Steven Micklethwaite1, Stephen F. Cox1,2

1 Research School of Earth Sciences, Australian National University, Canberra, ACT 0200, Australia
2 Department of Earth and Marine Science, Australian National University, Canberra, ACT 0200, Australia


This project applies the principles of the triggering mechanisms and triggering effects of active fault systems to understand gold mineralisation in ancient fault systems. Earthquakes generate small elastic stress changes, which in turn trigger other earthquakes and many thousands of aftershocks. Each aftershock is a fault slip event that enhances the permeability of the crust and high-frequencies of aftershocks tend to occur on faults with the same dimensions as those faults that host gold mineralisation in Australian gold camps. Previously, we have shown that at crustal depths of 10-20 km, orogenic-type gold deposits occur where co-seismic stress changes around a fault are likely to have triggered clusters of aftershocks (Micklethwaite and Cox, 2004, 2006; Micklethwaite, 2007). Therefore Stress Transfer Modelling helps us understand the dynamics of ancient fault systems and acts as a valuable predictive tool for the exploration industry.
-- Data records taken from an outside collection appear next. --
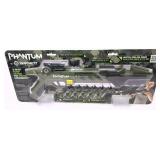 Barnett Phantom 3-shot Pump action toy crossbow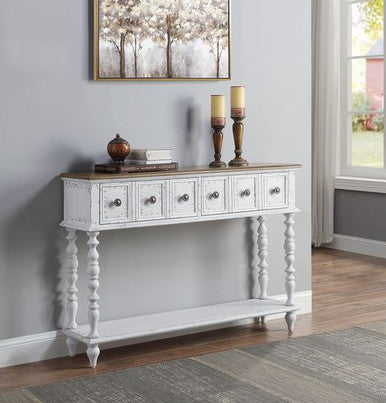 ACME AC00280 Bence Console Table ACME Furniture
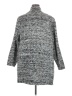 Nic + Zoe 100% Polyester Gray Cardigan Size 3X - photo 2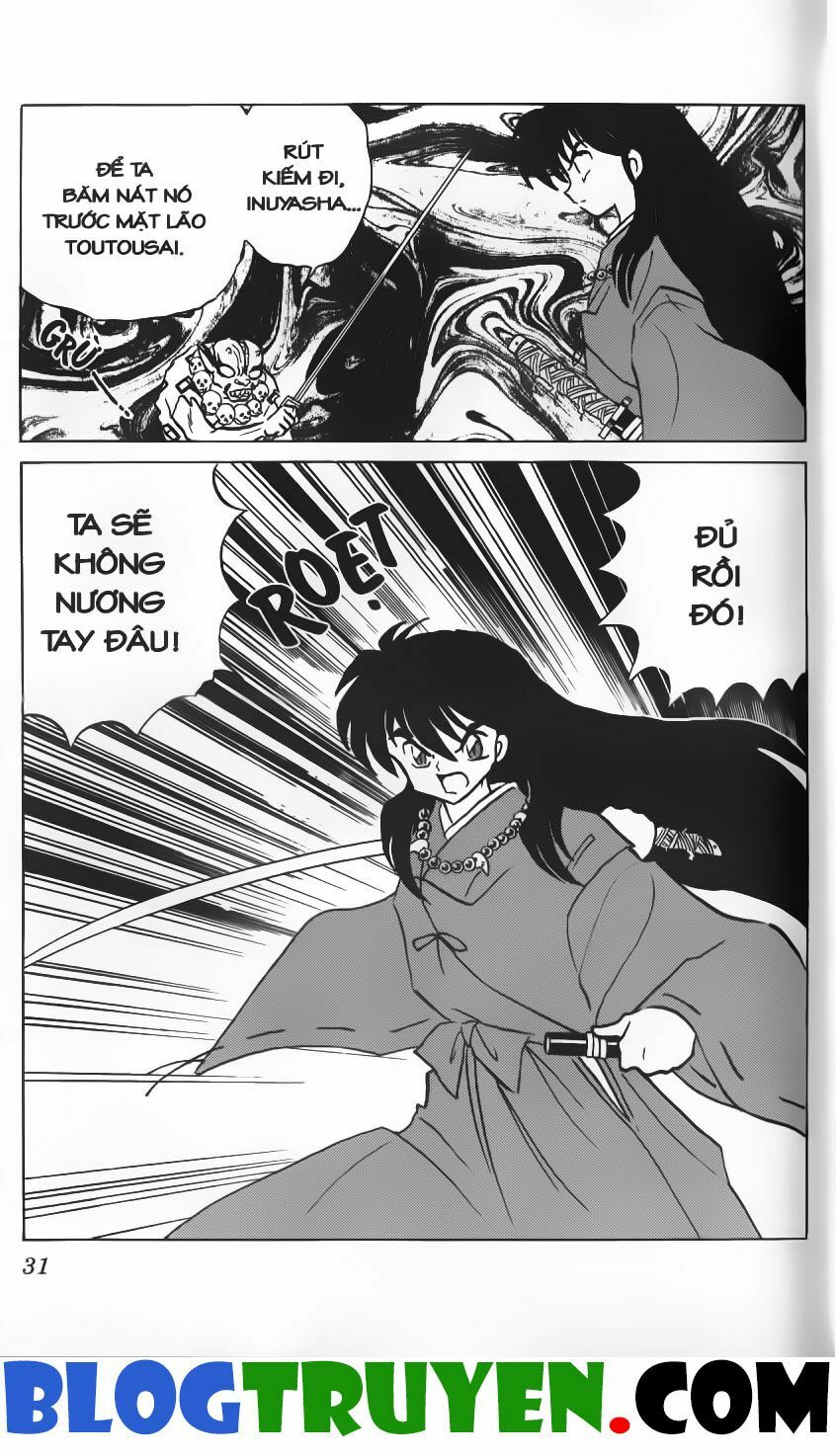 Khuyển Dạ Xoa Bản đẹp: Chapter 17.2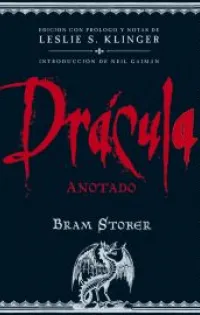 Portada de Drácula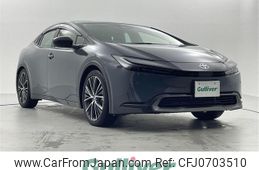 toyota prius 2023 -TOYOTA--Prius 6AA-MXWH60--MXWH60-4033831---TOYOTA--Prius 6AA-MXWH60--MXWH60-4033831-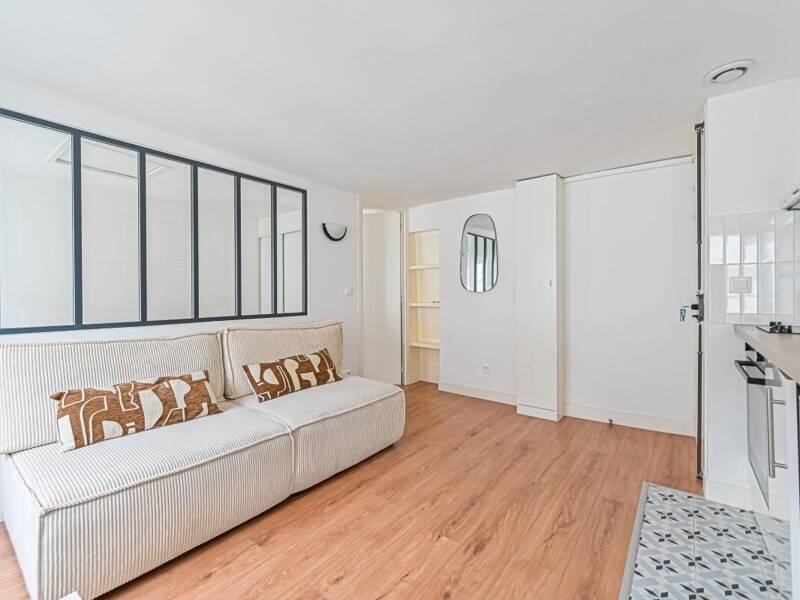 Maison à louer, 24m², CLICHY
Stress Transfer Modelling is now being extended to gold mineralised fault systems that developed in near-surface crustal environments (1-6 km) during episodes of normal faulting and high geothermal gradients, such as epithermal gold deposits and Carlin-type gold deposits. Active faulting in volcano-tectonic environments provides a modern day analogue for epithermal fault systems (e.g. Taupo Zone, New Zealand; Coso geothermal field, USA). Using a combination of detailed field work, contemporary observations of geothermal fields, plus stress transfer modelling, we have found there is a complex interaction between faulting, intrusive activity, and potential mineralisation. Fault slip events and permeability enhancement can be triggered by dyke intrusions, or other fault slip events, and these triggering mechanisms control fault growth and fault spacing. Importantly, dyke intrusion transiently changes local stress states, with a profound influence on fault kinematics, and the location permeability enhancement and mineralisation (figure 1).

In addition, collaboration with Dr Heather Sheldon (CSIRO, Perth, Western Australia) is enabling us to use Damage Mechanics Theory to understand why small stress changes generated by fault-slip events exert such a strong control on resulting aftershocks, fluid flow and ultimately fault-related mineralisation (Sheldon and Micklethwaite, 2007).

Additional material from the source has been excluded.